# Just picked up a Tech Force 89 - .22 cal



## bltefft (May 20, 2009)

Just picked up a Tech Force 89 - .22 cal - for 161.96 (now, they're 10 bucks cheaper).

I wanted a .22 to go with my Ruger 177 Air Hawk. I looked at the RWS 34, Gamo Whisper and TF 89.

All looked real good, but after watching a video of the TF89, I decided to get it.

Here's the video link: http://www.compasseco.com/tech-force-co ... -1057.html

The TF89 has a Limited Lifetime warranty and is real accurate.

So far, I'm happy. Groupings are real tight. I also got a used TF 3-9x44 Adjustable Objective scope with it. The scope is real nice. So nice, that I bought another for my Ruger Air Hawk. Both scopes are used ($40) and have a 90 day warranty. Brand new they run $80.

Only problem I've had is the scope stop. This is air rifle is so powerful that the recoil sends the scope back into the scope stop and the scope stop flies off. After talking to compasseco about the warranty (it won't void it), I took it to my gunsmith. He's going to tap 2 holese in the rear of the receiver so I can use the screw that is in the center of the scope stop and the screw in the center of the rear scope mount, too.

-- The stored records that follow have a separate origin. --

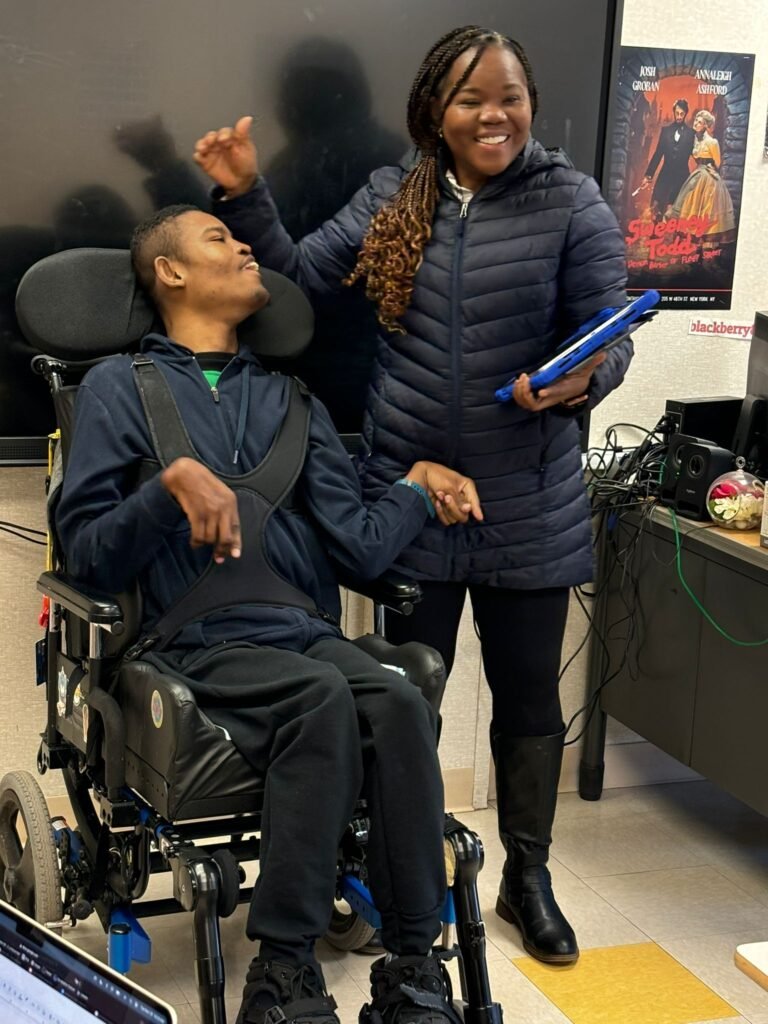 The young man in a wheelchair is interacting with a woman standing next to him. She is holding a tablet, smiling, and appears to be facilitating a discussion or presentation. A large screen and various equipment are visible in the background.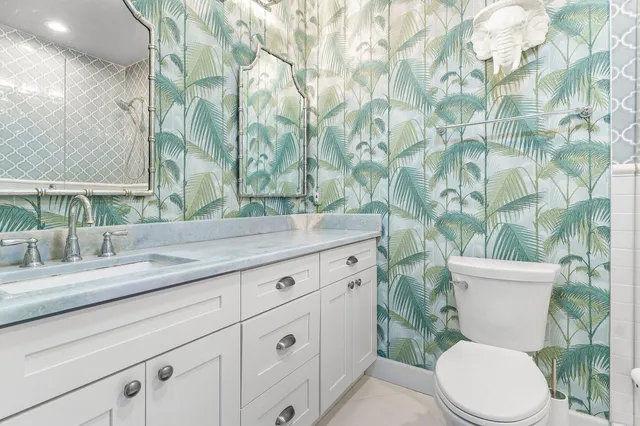 a bathroom with a granite countertop toilet sink and mirror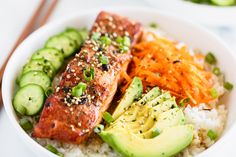 a white bowl filled with rice, salmon and veggies next to chopsticks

With that little mod, this is truly going to be an awesome air rifle. Don't know why they don't do it at the factory.

I haven't chronied it yet, but will later.

Hack


----------



## blowgunner62 (Nov 23, 2008)

The scope stop on my gamo hunter 220 came off at first, too. Just had to crank the screws down really tight and after that I haven't had any more problems with it coming off.


----------